その少女の名は

 グランヴィル王国の暦が、地の月の中旬に差し掛かろうかというある夜のこと。王国の中で、恐らく最も贅を凝らした建造物である王城の一室にて、一人のダークエルフが大男を前に跪いていた。


「――――よしてくれ、師よ」


 威厳のある低い声の中に、確かに困惑を滲ませた声色で大男はそう発した。男にとって、目の前で傅くロゼッタは、学生時代の恩師であったからだ。そして今は、彼の四男の担任でもある。
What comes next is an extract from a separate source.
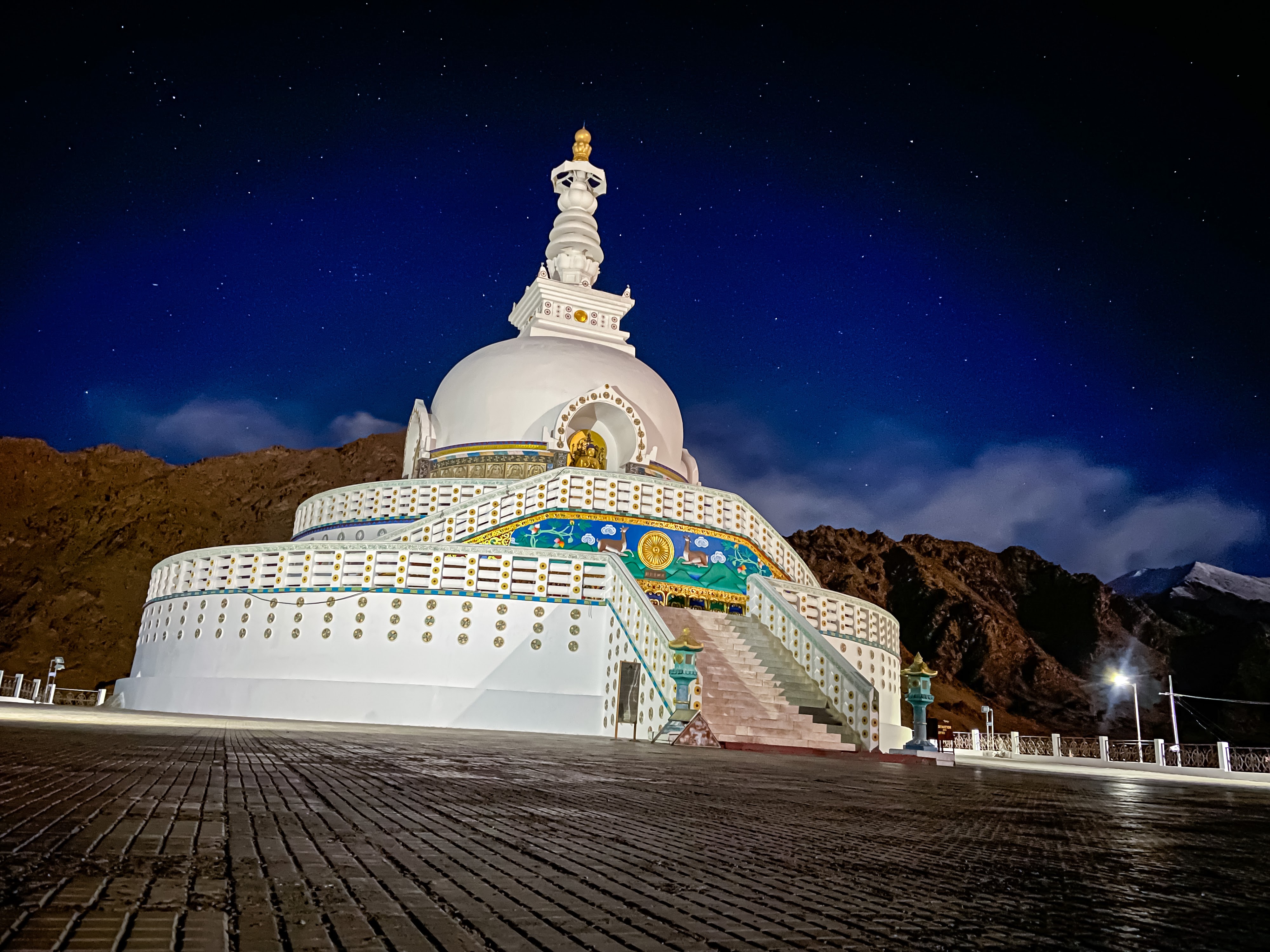 Shanti Stupa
 そんな声に、ロゼッタは小さく「すまないな」と言いながら立ち上がる。王城の他の人間が見ていたら、その不敬な態度に卒倒してもおかしくない所業であった。


 何故ならば、ロゼッタの前にいる男の名こそ、イグニシアス・フレイア・ルヴェル・フォン・グランヴィル。――グランヴィル王国の現国王であったのだから。


「また老けたな? イグニシアス」


 ロゼッタは、何処か懐かしいものを思い出すような笑みを浮かべている。数十年前、まだイグニシアスが少年だった頃の面影を探しているのかもしれない。


 そんなロゼッタの不敵な様子に、イグニシアスも肩の緊張を解く。立場上仕方が無いとはいえ、師と仰ぎ、心より尊敬する人を傅かせることは、心地の良いものではなかった。
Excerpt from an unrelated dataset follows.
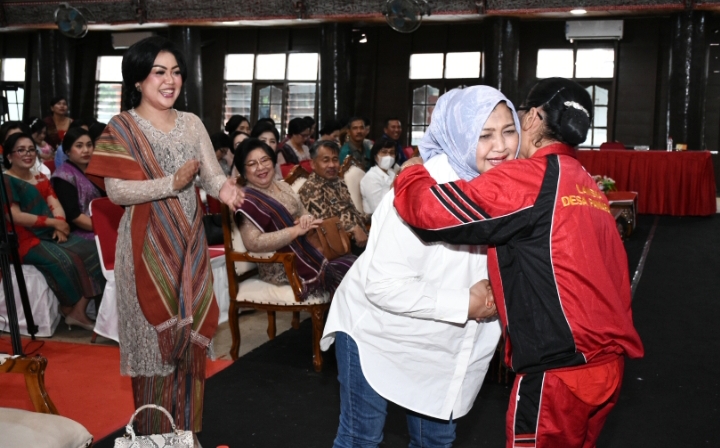 Peringatan Hari Ibu di Taput, Nawal Lubis Beri Bantuan ke Lansia dan Anak-anak Stunting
 そもそも、ロゼッタを跪かせることのできる人間など、世界中を見渡しても数名しか存在しない。


 永きを生き、多大な国家への貢献を果たしてきたロゼッタである。人間種が殆どを占める王国においては、王宮からの微妙な感情こそあれ、歴代の国王とは悪くない関係を築いてきた。だからこそ、お互いに今があるとも言えるだろう。


「師は相変わらず美しい。全く羨ましい事だ」


 このやり取りも何度目だろうか。そして、残りの人生で後何度繰り返すことが出来るだろうか。イグニシアスは、長く伸びた髭を撫でながら、皺が増えた顔を綻ばせた。


「早速ですまないが、イグニシアス。無理を通して貰いたい件がある」


「うむ、他でもない我が師の頼みだ。勿論、余が叶えられる範囲で聞こうとも。丁度、こちらも師に頼みたいと思っていたことがあったのだ」


 イグニシアスはそう言うと、唇の端を吊り上げた。ロゼッタもまた、視線を細めている。そうして始まった、二人の会談は夜遅くまで続いたという。




 王立メルカヴァル魔導戦術学院、第一学年、特別魔導戦術クラス――。その教壇に立つのは勿論、学院長であり、この選抜クラスの担任を務めるロゼッタ・ウォルト・メルカヴァルである。


 胸元の空いた、黒と赤のドレスを纏う彼女は、その美しい顔に若干の疲れを滲ませながら、目の前の生徒達に話し始めた。


「さて、早いもので地の月も下旬となった。来月の戦術大会のことを気にしている者も多いが、先に伝達事項を二点、話しておこう。まず、一点目。リタ・アステライトだが、一身上の都合により、本日より暫く休学することになった」


 ロゼッタの言葉に、教室はざわめきに包まれることになった。そして、誰もが後方の席に座るエリスの方に視線を向けるも、彼女はただ苦笑いで「たいしたことじゃないから」と言うだけだ。ラキやモニカからの訝しげな視線は、キリカにも及ぶことになったが、キリカも軽く肩をすくめるだけであった。


 そんな中、最後列の席で、椅子から転げ落ちそうになっていたアレクの脳裏には、先日のリタの言葉が過っていた。そう、大貴族の弱みになりそうなことを知っていたら教えて欲しいというアレである。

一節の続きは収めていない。